A woman screams before a man painted green and dragging a dragon’s matching tail, his head in a helmet crested with teeth. After a tussle with an armored saint, the dragon finds himself collared and led off by the woman on a leash. A group of black-veiled acolytes then rushes to wipe up the green body makeup on the white stage floor. A flock of puppet birds attends the wanderings of a friar and ends by stretching red ribbons with its beaks from anchorages at his stigmatic wounds.

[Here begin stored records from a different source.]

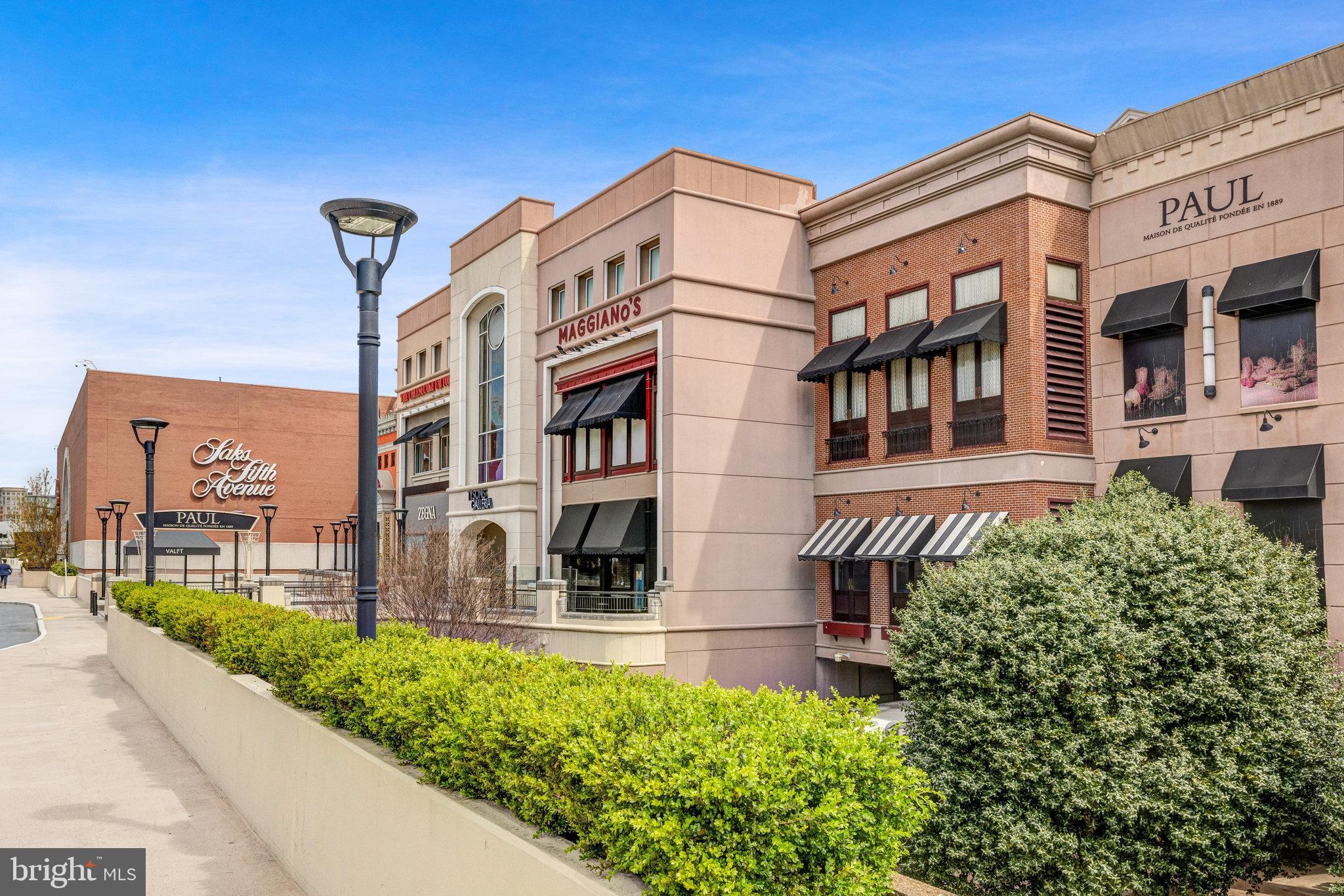 MC LEAN HAMLET - Residential Lease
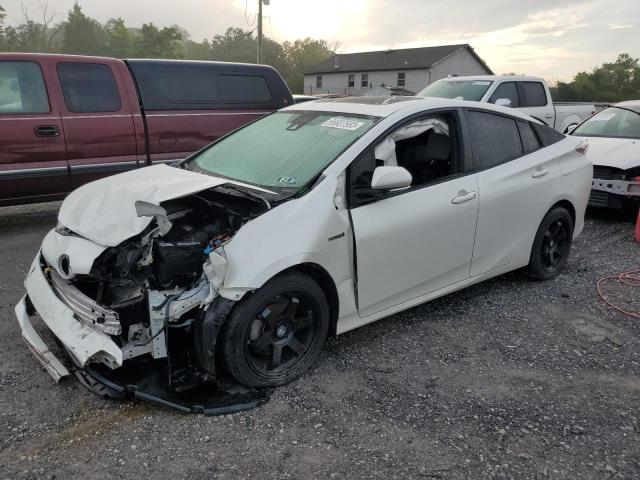 Image 1 of 2017 TOYOTA PRIUS  2017 with VIN JTDKARFU8H3038199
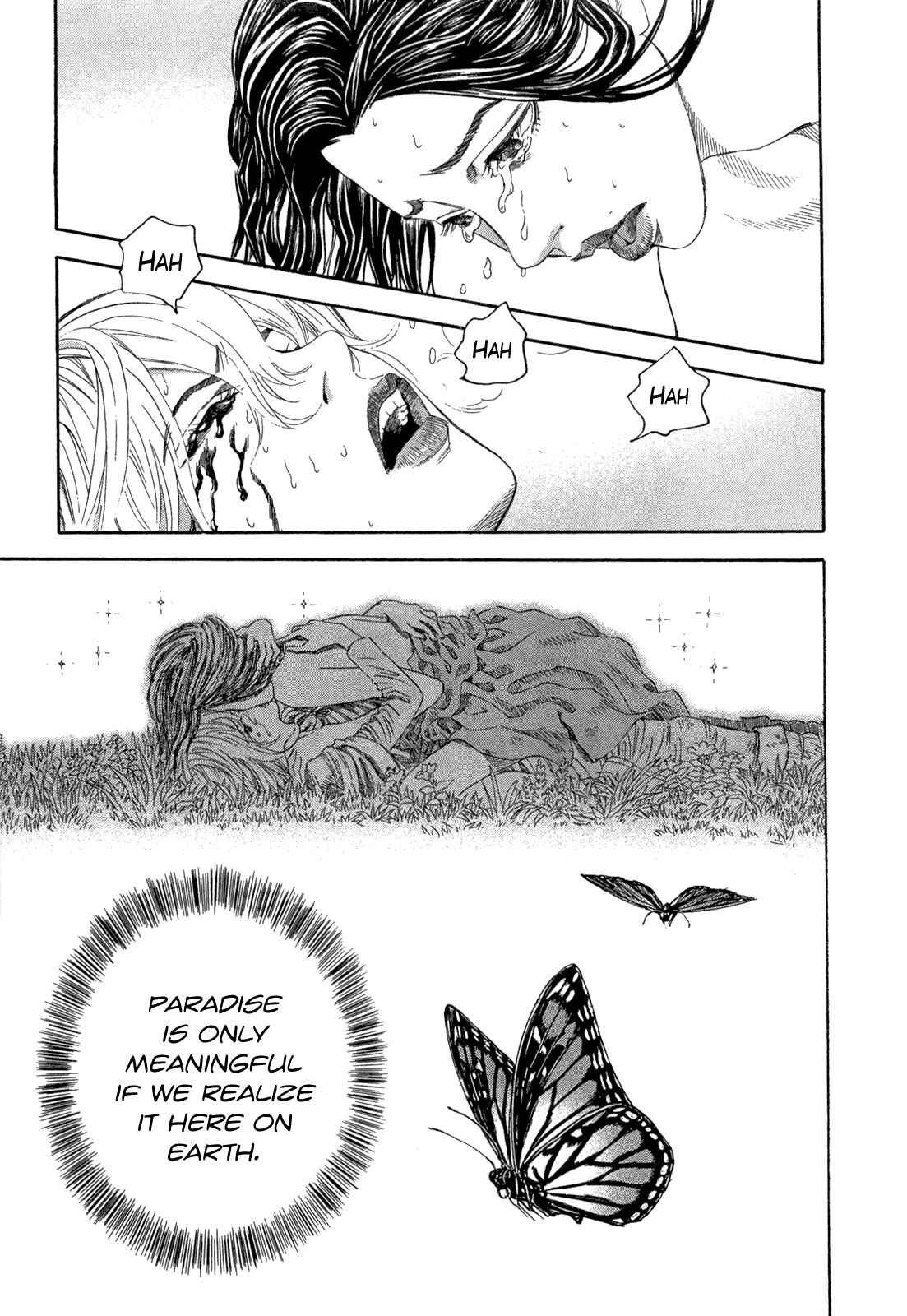 Page 11 Chapter 20 Innocent Boy Crusaders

I could go on (and on). On May 15, beginning with simultaneous formal processions down both aisles of the theater inside Dance Theater Workshop, I witnessed a 3-hour-long dream scape come to life in dance form. And if you want an absolutely stunning, remarkably comprehensive, concise and graceful explication of the goings on in Christopher Williams’ The Golden Legend, including the name and role of each of the 35 dancers, I recommend Deborah Jowitt’s review.

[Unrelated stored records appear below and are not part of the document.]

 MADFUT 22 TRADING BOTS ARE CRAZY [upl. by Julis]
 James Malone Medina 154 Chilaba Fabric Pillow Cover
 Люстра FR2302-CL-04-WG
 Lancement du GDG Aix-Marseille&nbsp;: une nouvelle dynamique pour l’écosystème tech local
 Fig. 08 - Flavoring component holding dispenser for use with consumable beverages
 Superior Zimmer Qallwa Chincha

Glen Rumsey as St. George wrestles Dylan Crossman's dragon.
Photo by Paula Court


Let’s face it: saints, almost by definition, conjure the kind of obsession, fanaticism, obstinacy and foolhardiness that we tend to regard as insane. Giving themselves over to a power or ideal greater than themselves, they endure temptation, humiliation, torture, and embrace death and dismemberment, often in spite of social and political mores, in obeisance to a greater good. When we perceive that good, we lift up such people as heroes and martyrs and lionize their devotion. When we don’t, or they go off the moral rails, we recoil from their enormities as lunacy or terrorism. Either way, they make themselves hard to ignore and break through our complacent stupor.

Photo by Yi-Chun Wu
The Golden Legend, a meditation on the lives of 17 (or 23 depending on how you count) early Christian male saints, somehow put me much in mind of the day of 9/11 and those immediately following. As I circumambulated the shattered parts of my city, I kept running into the armed men and women standing sentinel at the edges of the “frozen zone” around ground zero. I eyed them and their guns warily, out of long habit, and wondered a bit resentfully just who or what they had been sent to protect and why. Yet along with most of my fellow citizens, I found myself newly appreciative of these gendarmes’ poise as potential heroes, and the sudden usefulness of their stance of moral certitude and physical fortitude in this battered landscape.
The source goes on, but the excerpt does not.